I. A simplified example of the problem

It is straightforward to refresh the MTA feeds at a regular interval and broadcast the new data to open connections. This can be achieved by binding websocket sessions to an event emitter that emits data every time the feeds are refreshed. For example, here is a websocket server that listens to a timer and sends a message when the timer ticks.

const EventEmitter = require(`events`);
const WebSocket = require(`ws`);

const emitter = new EventEmitter();

setInterval(() => {
  emitter.emit(`data`, 1);
}, 1000);

const server = new WebSocket.Server({ port: 80, });

const startSession = (emmiter) => (websocket) => {
  emitter.on(`data`, (data) => {
    websocket.send(data);
  });
};

server.on(`connect`, startSession(emitter));

But a message describing each tick is not enough. The message should describe the number of ticks that have occurred during the session. That is the difference between sending a train’s current location and sending a history of the train’s locations. In my first prototype, I settled for mutable session state.

const startSession = (emmiter) => (websocket) => {
  let state = 0;

  emitter.on(`data`, () => {
    websocket.send(++state);
  });
};

This works. Nonetheless, I want to avoid the headaches associated with mutable state. A pure transformation from ticks to tick count seems like it should be as simple as summing an array of numbers.

const increment = (n) => n + 1;

const ns = [ 1, 1, 1, ];

const count = ns.reduce(increment, 0);
// ns.length works here too but doesn't demonstrate the principle

Can I take the same approach to summing the timer ticks? The problem is that the series of ticks grows over time. Whenever a tick occurs, I have to update a stateful array of ticks. This only exchanges one piece of mutable state for another.

const increment = (n) => n + 1;

const startSession = (emmiter) => (websocket) => {
  const ticks = [];

  emitter.on(`data`, (tick) => {
    ticks.push(tick);

    const tickCount = ticks.reduce(increment, 0);

    websocket.send(tickCount);
  });
};

The intuition to treat the ticks as a collection like an array is good. The intuition to sum that collection with pure functions is also good. Now I need an abstraction for a series of values occurring over time. I want to transform the time-based series as I would transform an array, without having to manually re-run the transformation and store state each time a new value is produced. For this I can use an Observable.

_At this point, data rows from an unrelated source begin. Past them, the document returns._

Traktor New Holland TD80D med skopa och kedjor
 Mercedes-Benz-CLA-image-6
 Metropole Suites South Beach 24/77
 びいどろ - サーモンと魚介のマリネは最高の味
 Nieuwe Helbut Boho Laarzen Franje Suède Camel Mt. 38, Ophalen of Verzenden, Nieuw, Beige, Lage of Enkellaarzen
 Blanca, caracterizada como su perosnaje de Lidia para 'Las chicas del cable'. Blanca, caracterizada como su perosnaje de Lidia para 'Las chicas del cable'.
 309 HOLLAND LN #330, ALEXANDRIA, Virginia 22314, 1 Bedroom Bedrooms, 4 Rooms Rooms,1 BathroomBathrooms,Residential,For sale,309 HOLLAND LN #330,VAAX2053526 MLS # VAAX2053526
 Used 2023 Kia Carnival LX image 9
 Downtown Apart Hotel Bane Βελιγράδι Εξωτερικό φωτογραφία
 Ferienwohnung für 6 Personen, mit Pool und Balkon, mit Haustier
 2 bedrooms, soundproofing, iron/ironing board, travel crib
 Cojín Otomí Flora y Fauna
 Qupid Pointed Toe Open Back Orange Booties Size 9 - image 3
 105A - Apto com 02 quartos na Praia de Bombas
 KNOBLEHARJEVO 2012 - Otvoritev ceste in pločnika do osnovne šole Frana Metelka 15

II. A new kind of function

An Observable is like a Generator, a function that can produce many values. But unlike a Generator, an Observable decides when it will produce a value. Consumers pull values from Generator functions but Observables push values out to consumers. This can occur asynchronously, over time, or synchronously, all at once.

That might sound complicated so let’s look at a simple Observerable.

const createObservable = () => ({
  subscribe: (observer) => {
    // ...
  },
});

An Observable is an interface with a subscribe method. The subscribe method takes an observer argument. An Observer enables the Observable to pushes new values out to the consumer. The Observer interface specifies three methods: next, error, and complete.

const observer = {
  complete: () => {
    console.log(`complete`);
  },
  error: (err) => {
    console.log(`error: ${err}`);
  },
  next: (x) => {
    console.log(x);
  },
};

next is called when the Observable produces a new value. error is called if the Observable reaches an error state. And complete is called if there are no more values to produce.

const createObservable = () => ({
  subscribe: (observer) => {
    observer.next(`foo`);
    observer.next(`bar`);
    observer.next(`baz`);
    observer.complete();
  },
});

The Observable does not start producing values until the subscribe method is called.

const observable = createObservable();
observable.subscribe(observer);
// 'foo'
// 'bar'
// 'baz'
// 'complete'

III. Transforming a series of values ordered in time

Observables do not necessarily execute asynchronously. The above example runs to completion synchronously. But Observables are often used to model a series of values ordered in time. The abstraction makes it possible to operate on a sequence over time in the same way one would operate on a static sequence, like an array.

To demonstrate this, let’s return to our timer.

const Rx = require(`rxjs`);

const ticks = Rx.timer(0, 1000);

ticks.subscribe({
  next: () => {
    console.log(1);
  },
});
// 1
// 1
// 1
// ...

We’ve replaced setInterval with an Observable that pushes a new tick every second and start this timer by calling subscribe. Now we want to count the number of ticks. To do this, we use an Observable operator called scan.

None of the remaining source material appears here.